Depuis ces polémiques et cet examen approfondi de la part du régulateur, JUUL a très largement revu sa copie. La marque insiste régulièrement sur l’âge de ses clients : « Nous sommes catégoriques, aucun mineur et aucun non-fumeur ne devrait utiliser JUUL », a ainsi assuré un porte-parole à Business Insider en octobre 2018. Le site de la marque empêche d’ailleurs quiconque d’acheter une JUUL sans envoyer une pièce d’identité pour prouver son âge.

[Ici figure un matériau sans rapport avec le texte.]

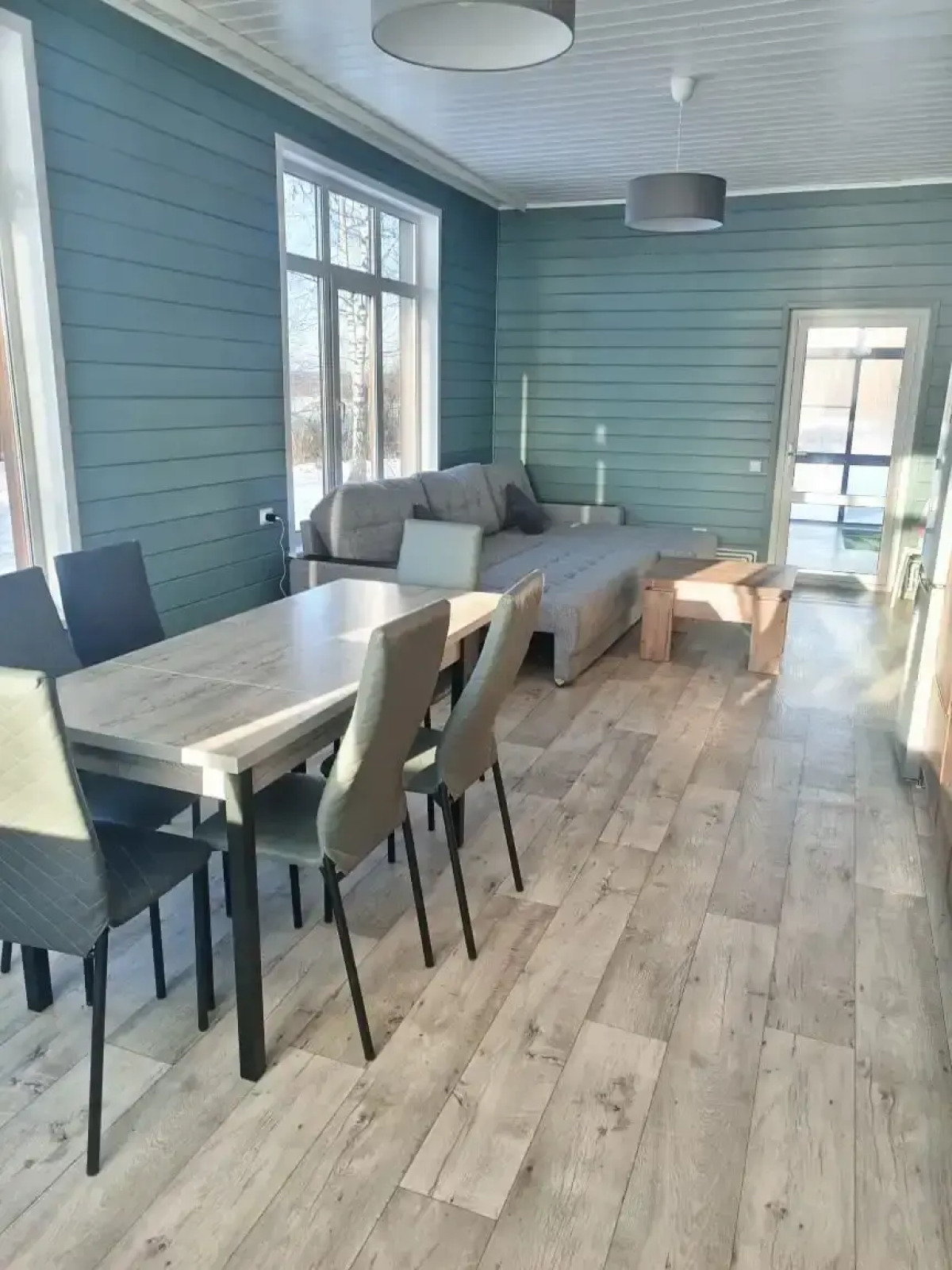 Частный дом Naumovo village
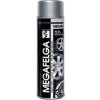 Deco color Megafelga na disky 500ml Strieborný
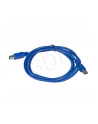 Kabel Akyga AK-USB-09 (USB 3.0 M - USB 3.0 Typu B M; 1 8m; kolor niebieski) - nr 5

Kevin Burns, CEO de JUUL, a également annoncé dans un communiqué mi-novembre que les recharges aux goûts spéciaux comme mangue, crème brûlée ou concombre —  particulièrement appréciées des jeunes — seraient temporairement retirées de la vente. L’entreprise a également annoncé qu’elle allait supprimer certains comptes officiels Twitter, Facebook et Instagram.

Et JUUL a l’Europe dans son viseur : la marque a lancé ses e-cigarettes au Royaume-Uni en juillet 2018 et ne devrait pas tarder à arriver en France. Mais outre-Manche, la firme a dû abaisser la concentration de nicotine contenue dans un pod pour se conformer aux lois britanniques : les dosettes sont à 1,7 % de nicotine, contre 3 % ou 5 % aux États-Unis.